Back to the story. We left the train station in a daze and went pastry shopping. They have the most amazing pastries there all over the city. We basically had the plan to walk all day and see as much of the city as we possibly could. We had 12 hours between our two flights. Everyone in Amsterdam rides bikes everywhere. Seriously, there are possibly more bikes than there are cars. Instead of car garages, there are bike garages; there are lanes on the roads just for bike. Anyway, we decided to rent bikes for a few hours. Best decision ever. Just biking around this city neither of us had any idea about was so much fun. It was so weird to be in Europe with all the expensive fruit, expensive clothes, expensive trains that don’t bump you once…

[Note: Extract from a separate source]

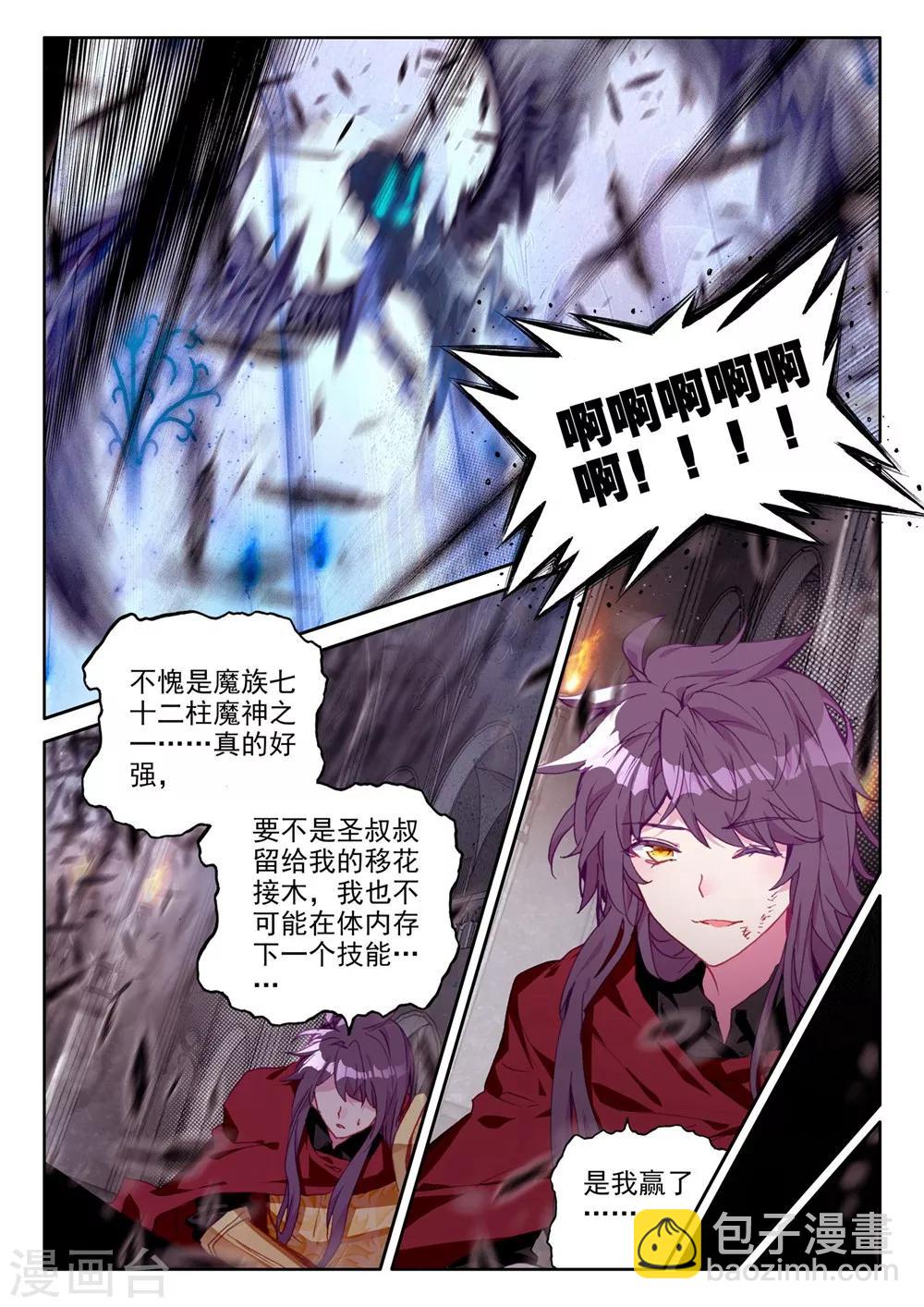 第367话 洞察魔神之死(下)3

We biked for about 3 hours all over the city, through a little park and along all the beautiful canals. Amsterdam is laid out in a really neat way. I don’t really understand it, but there were all these rings of streets all circling around the center of the city. And there were canals and little bridges to cross the canals at each ring. It was so beautiful. We stopped to buy some peaches, which I had completely forget even existed. I knocked into an entire display of blueberries in the process. I think buying the fruit was the first time I realized just how different it all was. In Africa people are so on top of you to buy what they are selling that you actually cannot walk down the street without being pretty much attacked by people selling you things, like I’ve said so many times. But here there’s nothing like that. I was buying a book today on the street here in the city, and I caught myself walking by the tables of books and, though I wanted to look at what they were selling I had this feeling inside that I wasn’t allowed to stop and look because if I did, then they would pounce on me and I’d end up buying something I didn’t want or need. That is what would have happened in Kenya. Then I realized that it wasn’t like that here. First of all, the guy selling books wasn’t saying anything to me, and second of all it wouldn’t have been an issue if I hadn’t bought something. So I stopped and looked and asked how much a book was. He told me it was $4 and I was about to bargain with him and pay $3, when he told me he would give it to me for $3 before I even got the chance to banter with him. That was really funny and made me smile. I told him the whole story actually. So when I picked another book out and asked how much he said $4 and then he let me bargain with him just for fun.

New York is huge. And it doesn’t end. And I know that. And I knew it. Maybe I just forgot just how big it all really is…

I think this is the final, final entry. I am so glad I wrote all this. I was reading it over the other day and it was such a great way to relive the whole experience. I’ve been back in the states for less than a day and the entire trip already seems ages ago and it seems like so far away from me. Last night was the first night I spent away from Lauren in 6 weeks. I miss her. Not entirely sure what I’m supposed to do without her by my side experiencing everything along with me.

Hope to see anyone who has read this at my house on Saturday. We’re having a party. And Lubin party’s rock.